MATERIAL PROVIDED:

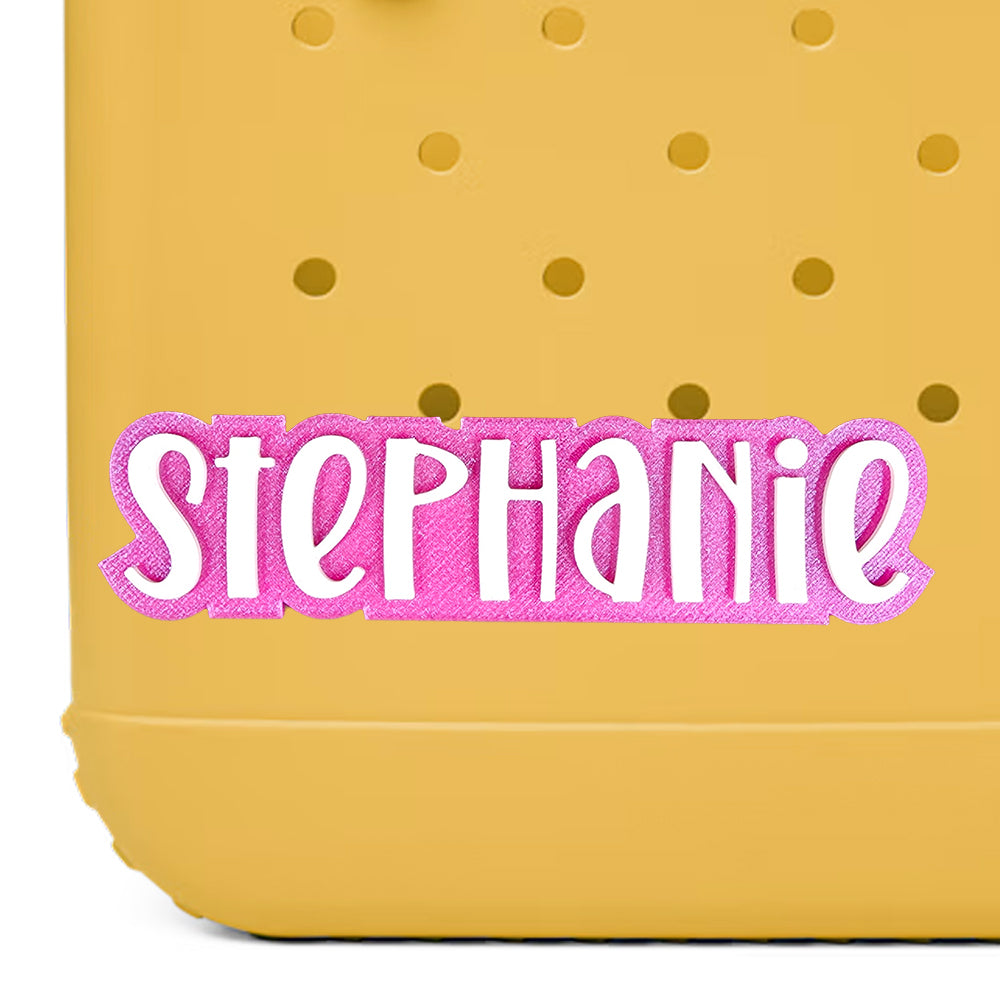 Funky Style Custom Name Bag Charm for Bogg Bag and Simple Modern (Copy)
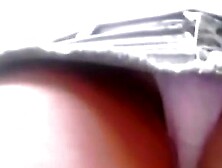 Thick white panties in this thorough upskirt spy cam video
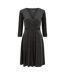 Robe Patineuse Motif/style Scintillant Femme Noir Mela London-2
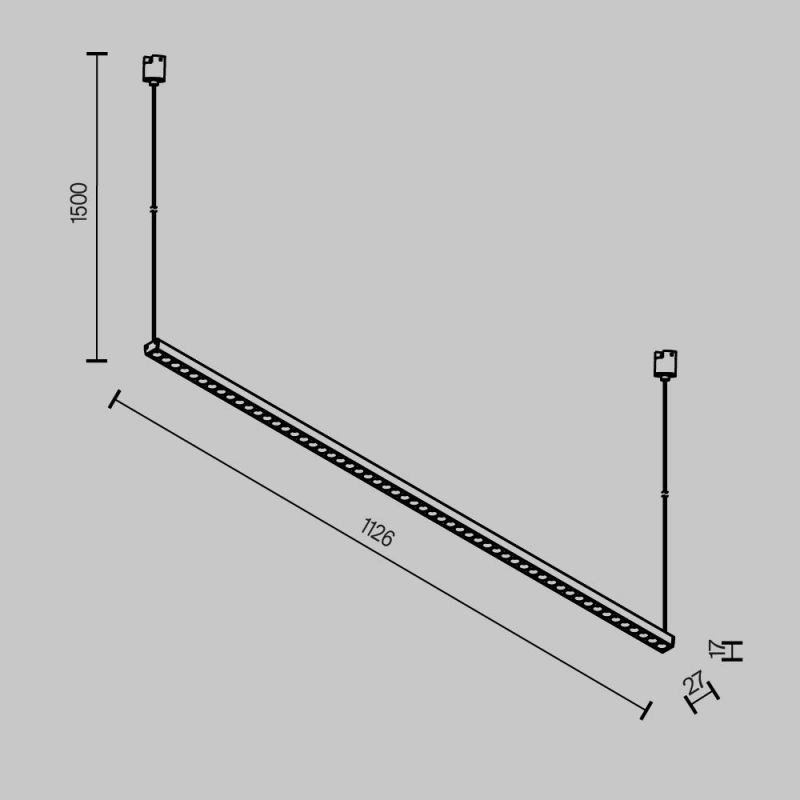 Трековый подвесной светильник Maytoni Points TR169-1-52W3K-M-B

WHAT IS NEEDED:
Skipping any images, write out all the data exactly.

EXERCISE OUTPUT:
 Funky Style Custom Name Bag Charm for Bogg Bag and Simple Modern (Copy)
 Thick white panties in this thorough upskirt spy cam video
 Robe Patineuse Motif/style Scintillant Femme Noir Mela London-2
 Трековый подвесной светильник Maytoni Points TR169-1-52W3K-M-B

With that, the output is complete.